Published on: Apr 23, 2015

At its meeting yesterday, the FASB discussed (1) the definition of a purchased credit-impaired (PCI) asset and (2) assets acquired in a business combination. Specifically, the Board tentatively decided to revise the definition of a PCI asset1 such that an entity would be required to apply the gross-up approach2 to an asset for which there has been a “more than insignificant” deterioration in credit quality since origination. In addition, the Board reaffirmed the proposed ASU’s3 requirement under which an entity would use the gross-up approach to account for PCI assets acquired in a business combination.  

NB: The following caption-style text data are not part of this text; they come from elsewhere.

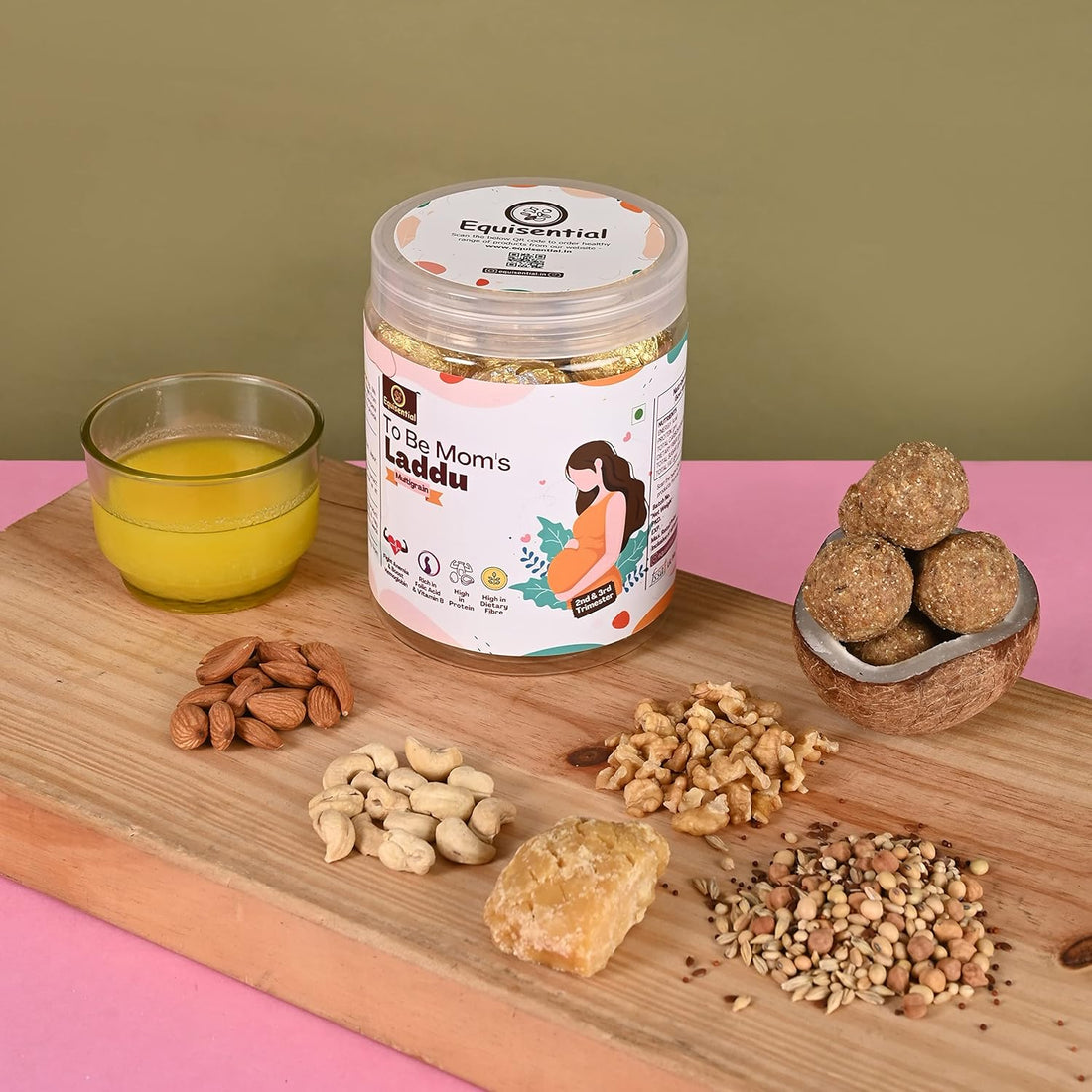 Equisential To Be Mom's Laddu - Multigrain | Rich In Folic Acid &amp; Vitamin B Complexes - 250Gm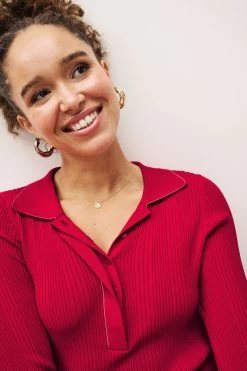 Next Long Sleeve Tipped Polo Neck Knit Top -Fashion Women C58557s3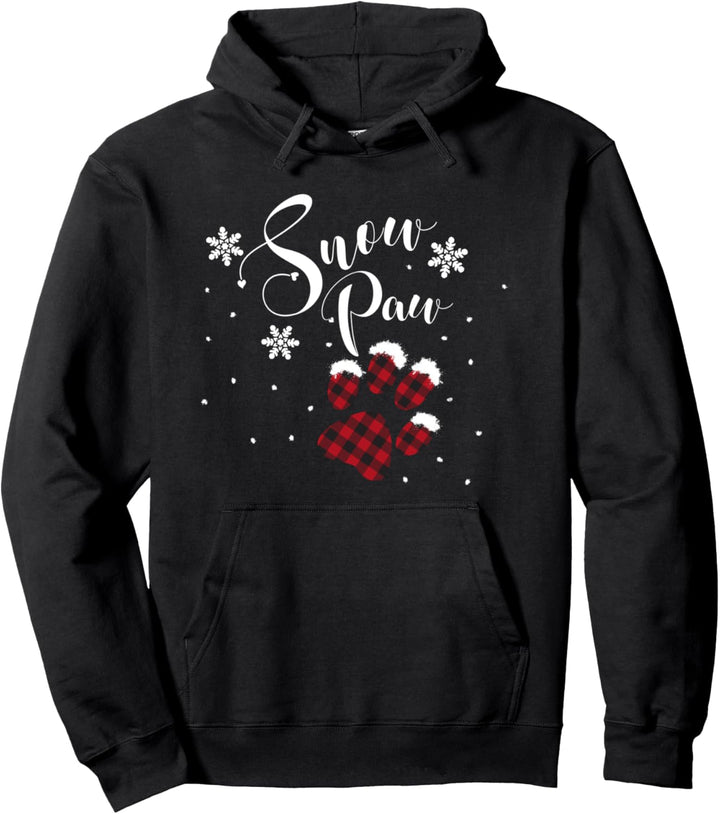 Pfote von Hund Katze mit Schneeflocken Snow Paw Geschenk Pullover Hoodie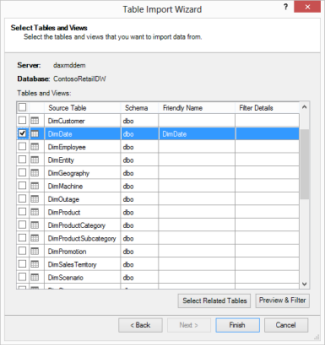 Table Import Wizard dialog box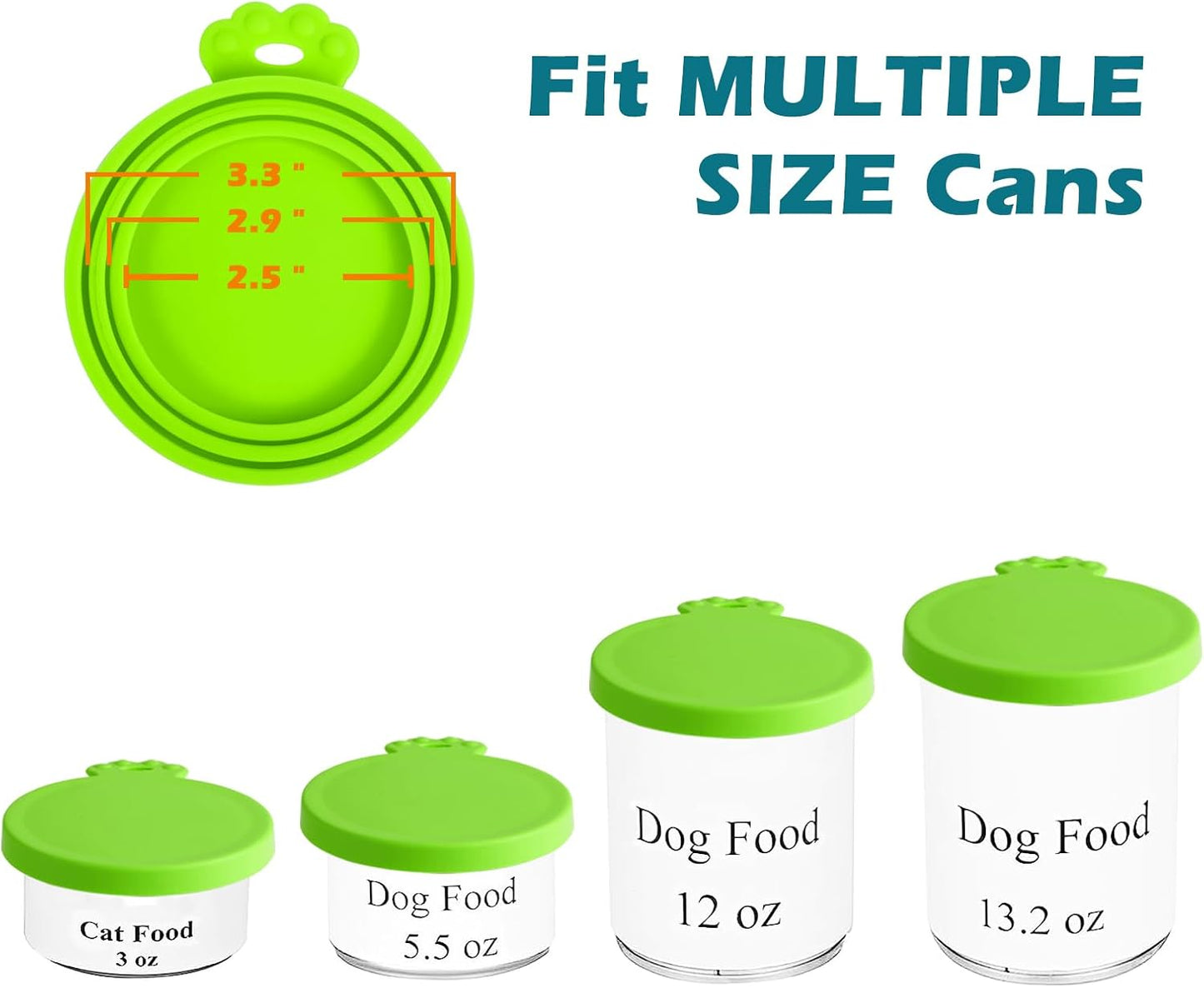 PetBonus 5 Pack Silicone Pet Can Cover Lids, Universal Size for Dog Cat Food, 1 fit 3 Standard Size Can Tops, BPA Free Dishwasher Safe (Blue, Green, Orange, Pink, Yellow)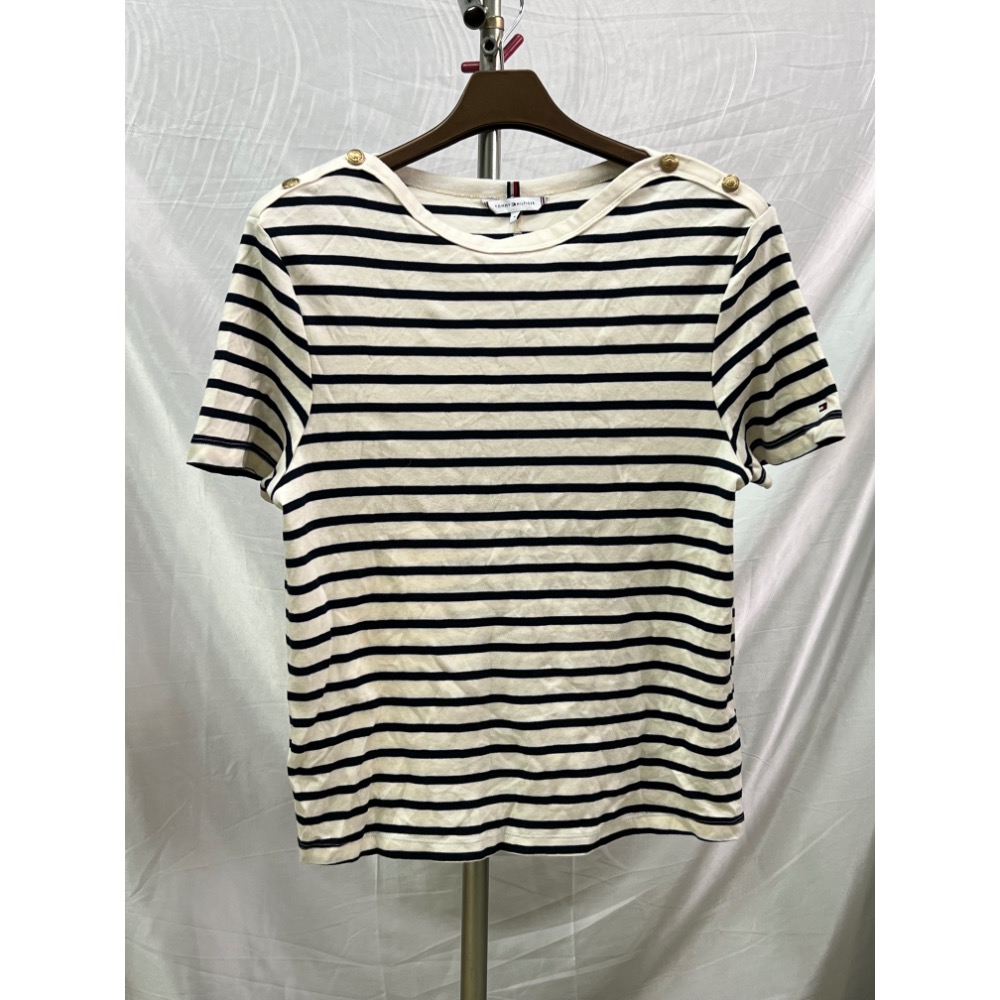 Tommy女M條紋短T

Editor’s Note: The Board chose to revise the definition of a PCI asset partially in response to continued stakeholder feedback suggesting that if an entity were to recognize expected credit losses in its income statement upon purchase of any asset, regardless of the level of credit deterioration in the asset’s credit quality since origination, the entity would be “double-counting” expected credit losses on that asset because those losses were already contemplated in the purchase price.  Although the Board decided not to require an entity to apply the gross-up approach to all acquired assets, stakeholders are likely to support the change to the definition of a PCI asset because an entity is likely to apply the gross-up approach to more assets than it would have under the proposed ASU’s requirements. The Board also indicated at the meeting that the final standard will include implementation guidance to help entities assess whether there has been a “more than insignificant” deterioration in a purchased asset’s credit quality since origination.

The Board tentatively decided to require an entity to apply the gross-up approach to assets acquired in a business combination that are determined to be PCI assets because the Board believes that in the measurement of expected credit losses, there is no inherent difference between PCI assets acquired in a business combination and those acquired outside of one. Consequently, an entity would continue to account for non-PCI assets acquired in a business combination in accordance with existing U.S. GAAP. That is, for non-PCI assets acquired in a business combination, an entity would measure the assets at fair value upon acquisition and would be prohibited from recognizing a separate valuation allowance for those assets.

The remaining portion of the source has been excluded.